Using the listing below, retype exactly the lines starting at the one with "Used 2021 Hyundai" and ending at the one with "Лифтбек Skoda Octavia 2010 в Костополе", and include both.
··· RECORDS FOR THIS EXERCISE ···
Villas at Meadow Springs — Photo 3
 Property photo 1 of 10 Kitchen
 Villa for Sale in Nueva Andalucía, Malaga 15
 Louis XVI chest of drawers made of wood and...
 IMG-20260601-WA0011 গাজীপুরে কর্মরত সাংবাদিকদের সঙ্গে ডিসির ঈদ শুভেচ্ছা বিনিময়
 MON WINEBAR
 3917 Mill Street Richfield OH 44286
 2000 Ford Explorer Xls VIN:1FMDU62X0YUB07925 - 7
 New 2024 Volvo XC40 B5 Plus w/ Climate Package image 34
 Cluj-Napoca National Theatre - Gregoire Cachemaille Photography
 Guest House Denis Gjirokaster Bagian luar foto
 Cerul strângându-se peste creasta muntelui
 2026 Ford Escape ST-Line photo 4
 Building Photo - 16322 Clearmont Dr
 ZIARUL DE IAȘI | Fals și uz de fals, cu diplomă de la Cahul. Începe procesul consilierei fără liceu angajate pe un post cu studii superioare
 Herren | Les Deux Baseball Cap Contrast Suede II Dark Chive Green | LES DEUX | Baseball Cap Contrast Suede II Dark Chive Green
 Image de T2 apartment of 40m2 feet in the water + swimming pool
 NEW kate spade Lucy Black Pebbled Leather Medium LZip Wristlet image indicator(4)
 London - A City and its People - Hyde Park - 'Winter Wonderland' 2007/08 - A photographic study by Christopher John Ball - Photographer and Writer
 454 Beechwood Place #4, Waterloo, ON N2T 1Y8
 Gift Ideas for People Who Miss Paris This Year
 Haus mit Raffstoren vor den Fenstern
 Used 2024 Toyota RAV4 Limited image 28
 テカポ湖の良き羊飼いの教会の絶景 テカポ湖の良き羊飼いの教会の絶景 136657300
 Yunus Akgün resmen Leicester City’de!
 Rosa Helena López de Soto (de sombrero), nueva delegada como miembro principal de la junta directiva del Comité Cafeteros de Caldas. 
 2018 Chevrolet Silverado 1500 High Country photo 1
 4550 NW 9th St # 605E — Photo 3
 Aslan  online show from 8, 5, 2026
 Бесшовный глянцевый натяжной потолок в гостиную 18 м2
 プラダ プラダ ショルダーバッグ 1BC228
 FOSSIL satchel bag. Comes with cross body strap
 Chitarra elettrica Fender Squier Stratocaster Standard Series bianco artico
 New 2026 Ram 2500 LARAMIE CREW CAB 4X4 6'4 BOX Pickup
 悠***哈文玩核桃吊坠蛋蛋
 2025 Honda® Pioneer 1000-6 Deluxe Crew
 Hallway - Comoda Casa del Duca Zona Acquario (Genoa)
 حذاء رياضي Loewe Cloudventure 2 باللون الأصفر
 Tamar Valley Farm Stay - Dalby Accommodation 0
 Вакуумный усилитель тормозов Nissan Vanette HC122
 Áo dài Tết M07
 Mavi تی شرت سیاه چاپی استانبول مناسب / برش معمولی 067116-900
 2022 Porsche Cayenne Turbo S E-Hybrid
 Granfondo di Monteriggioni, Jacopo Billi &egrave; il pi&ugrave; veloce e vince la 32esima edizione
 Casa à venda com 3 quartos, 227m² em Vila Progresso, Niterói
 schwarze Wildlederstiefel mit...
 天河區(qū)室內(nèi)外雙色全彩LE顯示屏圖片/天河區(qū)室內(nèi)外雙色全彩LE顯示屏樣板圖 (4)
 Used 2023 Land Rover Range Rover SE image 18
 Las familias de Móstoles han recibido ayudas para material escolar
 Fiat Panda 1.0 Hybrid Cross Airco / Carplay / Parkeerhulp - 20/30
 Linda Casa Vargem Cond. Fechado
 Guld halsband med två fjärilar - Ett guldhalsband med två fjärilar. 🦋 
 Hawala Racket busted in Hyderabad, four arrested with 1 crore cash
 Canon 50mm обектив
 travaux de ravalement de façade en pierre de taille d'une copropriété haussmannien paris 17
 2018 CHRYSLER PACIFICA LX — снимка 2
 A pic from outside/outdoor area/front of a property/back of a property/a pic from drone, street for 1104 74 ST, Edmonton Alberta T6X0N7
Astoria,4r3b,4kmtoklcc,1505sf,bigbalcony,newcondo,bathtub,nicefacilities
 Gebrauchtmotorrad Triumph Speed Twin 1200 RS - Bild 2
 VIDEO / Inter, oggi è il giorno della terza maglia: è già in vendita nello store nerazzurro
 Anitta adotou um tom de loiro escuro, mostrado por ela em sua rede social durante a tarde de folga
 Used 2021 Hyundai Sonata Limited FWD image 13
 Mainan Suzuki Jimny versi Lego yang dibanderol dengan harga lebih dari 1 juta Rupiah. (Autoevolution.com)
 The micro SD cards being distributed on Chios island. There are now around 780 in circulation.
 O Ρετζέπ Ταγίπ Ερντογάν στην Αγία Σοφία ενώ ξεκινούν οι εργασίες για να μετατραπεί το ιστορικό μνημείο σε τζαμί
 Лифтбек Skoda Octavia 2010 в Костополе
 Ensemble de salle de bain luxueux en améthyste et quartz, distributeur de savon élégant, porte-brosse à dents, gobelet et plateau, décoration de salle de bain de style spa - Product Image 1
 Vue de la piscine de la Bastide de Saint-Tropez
···
> ANSWER TO THE EXERCISE
 Used 2021 Hyundai Sonata Limited FWD image 13
 Mainan Suzuki Jimny versi Lego yang dibanderol dengan harga lebih dari 1 juta Rupiah. (Autoevolution.com)
 The micro SD cards being distributed on Chios island. There are now around 780 in circulation.
 O Ρετζέπ Ταγίπ Ερντογάν στην Αγία Σοφία ενώ ξεκινούν οι εργασίες για να μετατραπεί το ιστορικό μνημείο σε τζαμί
 Лифтбек Skoda Octavia 2010 в Костополе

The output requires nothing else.